Stellenbosch town itself is reminiscent of wine towns all over the new world. Well to do and smart, the streets are filled with expensive cars and trendy restaurants. It is all pleasant enough but there is an air of unreality about the whole thing, particularly when you remind yourself that you are in Africa.
Still, it made a good base for a day of tasting and, because it was my big day, Neil offered to be the designated driver. Good for him
First up, a return trip to De Toren for a tour and tasting under the watchful eye of young, Dutch intern, Joost where we were able to sample the two wines of the estate. The Cabernet heavy Fusion V Bordeaux blend is definitely something I shall look out for when I return to London.

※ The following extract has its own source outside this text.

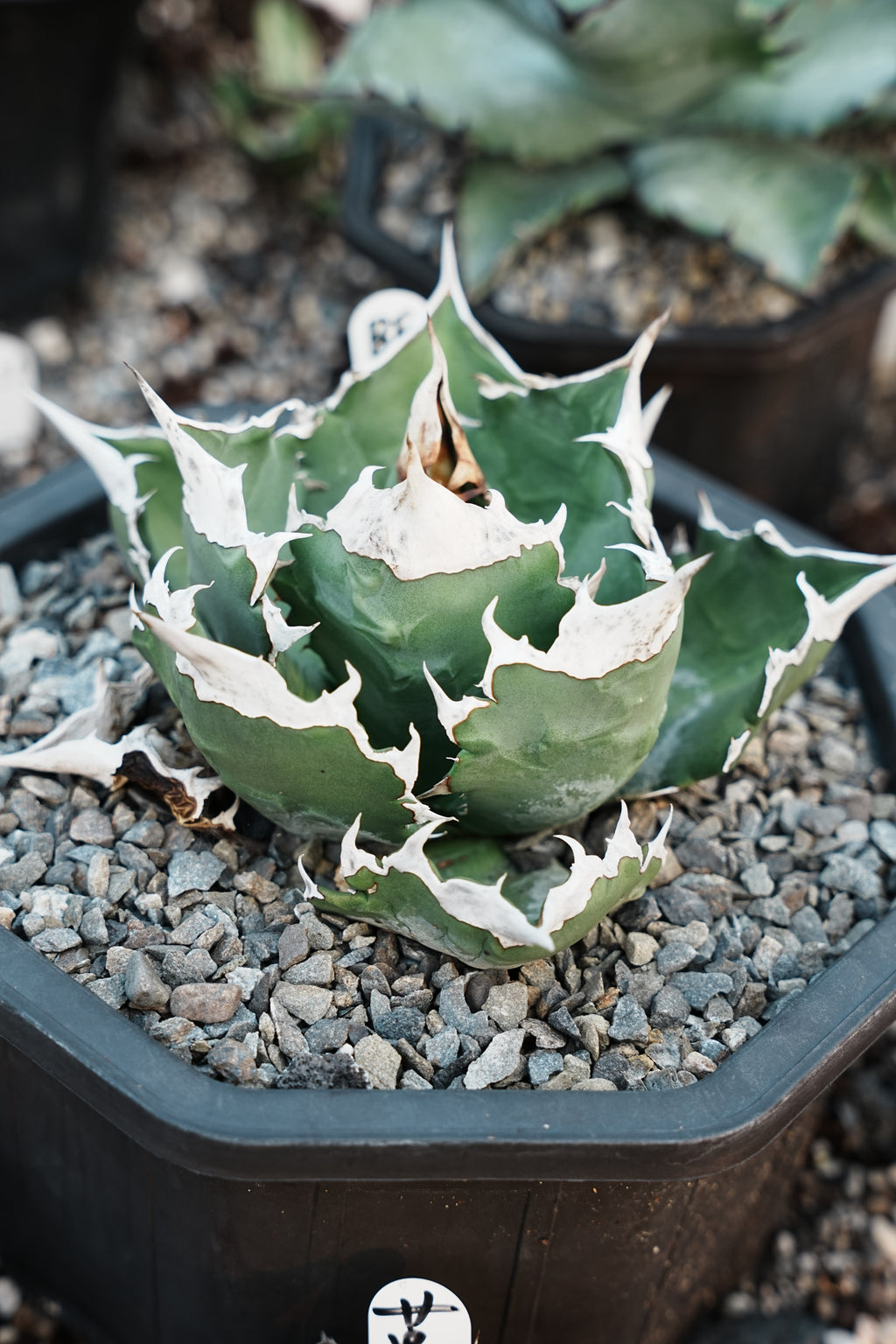 【Stano.Lab】<br>アガベ チタノタ<br> 'ホワイトファイヤー' GT-23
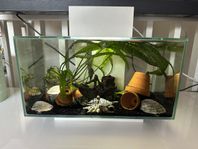 Silvrigt Fluval Edge 23L Akvarium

Next to Glen Carlou, part of The Hess Group where we, and by “we” I mean “I” tasted a the full range from single varietals such as Viognier and Shiraz to their own “Classique” Bordeaux style wines.
Finally, Fairview, a much larger commercial enterprise where more time seemed to have been spent setting up the shop than on making the wines. All a bit grim and we left there pretty quickly.
We had been recommended a place to stay for the night not far from De Toren which is why I found myself sitting on the terrace of Lovane, a tiny boutique winery, having the first of what turned out to be far too many glasses of excellent wine.
The owners cooked dinner for us and, when there was one of many power cuts, we sat around a log fire and enjoyed more special bottles from their, as yet, unreleased unlabelled bottles.
If Lovane was idyllic, and it truly was with thundering mountains on one side and sweeping vineyards on the other, then our next stop, the Western Cape fishing village of Paternoster raised the bar again. A smattering of small cottages, with their identical green roofs, nestle on the edge of the Atlantic.
Our guesthouse was ten seconds from the sea and about half that from one of the only restaurants in town, Voorstadt.
The food was ordinary, but it was worth the small amount it cost to sit on the water’s edge and watch the sun go down and the crescent moon rise.
Under the modern tourist exterior, however lurked the original fishing town with men parading along the street selling the morning catch of prawns and crayfish and the local watering hole, The Paternoster Hotel showing a less than feminist side with its ceiling display.
Not a bad way to spend a few birthday days
Next stop Mozambique. I see prawns in my future.